HONEYLAND
Fiction de réel
Hatidze vit en harmonie avec des abeilles, sa source de vie et de subsistance dans les ruines d’un village des montagnes. Mais un jour, une famille arrive et s’installe dans une ruine voisine, perturbant puis brisant le lien qu’elle avait créé avec les insectes…
La force de ce documentaire macédonien, nommé à l’Oscar du meilleur film étranger, est sa réalité. Sa puissance, et peut-être son point d'achoppement, est son côté fictionnel. "Honeyland" raconte une histoire, celle d'Hatidze, une femme sans âge qui s'occupe de ses abeilles et de sa mère, au milieu de nulle part, dans une terre oubliée. Alors que tout se passe pour le mieux dans son petit monde, qu'elle quitte parfois le temps d'une escapade au marché, arrive une famille de Turcs. Ils sont bruyants, ils font peur. Ils sont filmés de loin et la caméra se cache avec Hatidze quand ils arrivent et qu’ils s’installent. Pourtant, ils vont se montrer amicaux, intéressés, coopératifs, jusqu’à ce qu’elle leur montre ses abeilles et qu’ils y voient un commerce potentiel, jusqu’à ce que l’appât du gain ne les aveugle. Un appât qui n’est pas tant le leur que celui de la société en général, incarné en un homme profiteur qui vient soumettre le père de la famille turque.

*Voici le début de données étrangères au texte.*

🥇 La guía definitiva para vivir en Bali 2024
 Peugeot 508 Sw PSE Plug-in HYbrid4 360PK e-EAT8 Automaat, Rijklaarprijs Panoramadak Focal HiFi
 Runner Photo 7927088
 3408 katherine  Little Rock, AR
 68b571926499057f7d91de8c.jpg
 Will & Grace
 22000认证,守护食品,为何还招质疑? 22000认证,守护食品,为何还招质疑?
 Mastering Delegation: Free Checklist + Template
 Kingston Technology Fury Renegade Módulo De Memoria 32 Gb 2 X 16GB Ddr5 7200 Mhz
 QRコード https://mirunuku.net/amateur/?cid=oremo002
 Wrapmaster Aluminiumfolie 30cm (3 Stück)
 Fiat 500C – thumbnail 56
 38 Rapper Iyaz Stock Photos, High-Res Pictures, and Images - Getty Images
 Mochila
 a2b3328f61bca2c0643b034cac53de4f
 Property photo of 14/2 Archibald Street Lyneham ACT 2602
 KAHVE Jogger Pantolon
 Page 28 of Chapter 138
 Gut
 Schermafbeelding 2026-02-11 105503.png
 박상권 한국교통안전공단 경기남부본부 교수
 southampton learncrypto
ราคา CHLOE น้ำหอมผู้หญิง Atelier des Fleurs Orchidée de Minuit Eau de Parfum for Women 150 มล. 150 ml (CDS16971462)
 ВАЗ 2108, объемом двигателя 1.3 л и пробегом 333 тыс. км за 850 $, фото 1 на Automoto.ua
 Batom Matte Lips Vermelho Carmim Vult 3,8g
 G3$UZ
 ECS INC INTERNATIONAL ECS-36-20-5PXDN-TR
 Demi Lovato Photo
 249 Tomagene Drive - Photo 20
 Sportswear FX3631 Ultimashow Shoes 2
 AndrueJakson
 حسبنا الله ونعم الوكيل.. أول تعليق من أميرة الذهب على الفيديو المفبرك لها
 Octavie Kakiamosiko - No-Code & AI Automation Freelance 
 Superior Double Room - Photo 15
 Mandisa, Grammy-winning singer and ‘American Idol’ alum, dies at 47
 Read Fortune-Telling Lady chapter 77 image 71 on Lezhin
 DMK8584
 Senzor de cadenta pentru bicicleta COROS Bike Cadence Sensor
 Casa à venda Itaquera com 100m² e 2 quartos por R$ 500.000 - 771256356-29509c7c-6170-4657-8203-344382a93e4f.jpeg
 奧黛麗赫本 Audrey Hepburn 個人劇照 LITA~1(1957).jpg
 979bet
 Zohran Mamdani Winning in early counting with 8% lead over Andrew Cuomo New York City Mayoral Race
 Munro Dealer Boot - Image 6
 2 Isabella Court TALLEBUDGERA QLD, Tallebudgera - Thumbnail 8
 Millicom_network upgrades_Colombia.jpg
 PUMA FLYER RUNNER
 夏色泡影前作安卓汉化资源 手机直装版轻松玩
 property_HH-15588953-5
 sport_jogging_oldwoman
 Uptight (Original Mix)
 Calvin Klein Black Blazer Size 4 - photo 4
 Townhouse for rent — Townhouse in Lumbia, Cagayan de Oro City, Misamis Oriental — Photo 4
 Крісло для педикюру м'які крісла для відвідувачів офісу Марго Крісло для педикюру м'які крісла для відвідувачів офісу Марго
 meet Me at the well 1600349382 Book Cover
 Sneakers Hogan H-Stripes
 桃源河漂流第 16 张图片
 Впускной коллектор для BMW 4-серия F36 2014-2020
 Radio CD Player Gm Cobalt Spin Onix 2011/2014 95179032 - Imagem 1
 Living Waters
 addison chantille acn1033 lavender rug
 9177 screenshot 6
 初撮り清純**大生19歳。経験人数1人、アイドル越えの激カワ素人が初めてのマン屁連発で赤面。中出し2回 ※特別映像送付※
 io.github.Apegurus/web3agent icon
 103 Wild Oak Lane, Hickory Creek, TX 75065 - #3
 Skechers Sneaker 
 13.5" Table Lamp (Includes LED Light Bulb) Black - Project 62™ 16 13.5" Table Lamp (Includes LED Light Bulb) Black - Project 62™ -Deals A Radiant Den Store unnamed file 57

Ce documentaire, très esthétique, pêche par tout ce qui semble joué. Ainsi, si certaines séquences, comme celle qui ouvre et ferme le film, une marche périlleuse en haut d’une crête qui conduit à la découverte des premières abeilles qu’Hatidze va visiter, semblent saisis sur le vif, la plupart des plans, par la justesse de leurs cadrages, par la pertinence des interactions et la force du sous-texte qu’ils véhiculent, semble tenir de la fiction et de l’écriture plus que du documentaire. Cet écueil passé, ce documentaire est une fable écologique extrêmement pertinente et efficace sur les dangers de la surconsommation et de la surexploitation des ressources d’un milieu, qui conduisent à son épuisement et à la mort des espèces.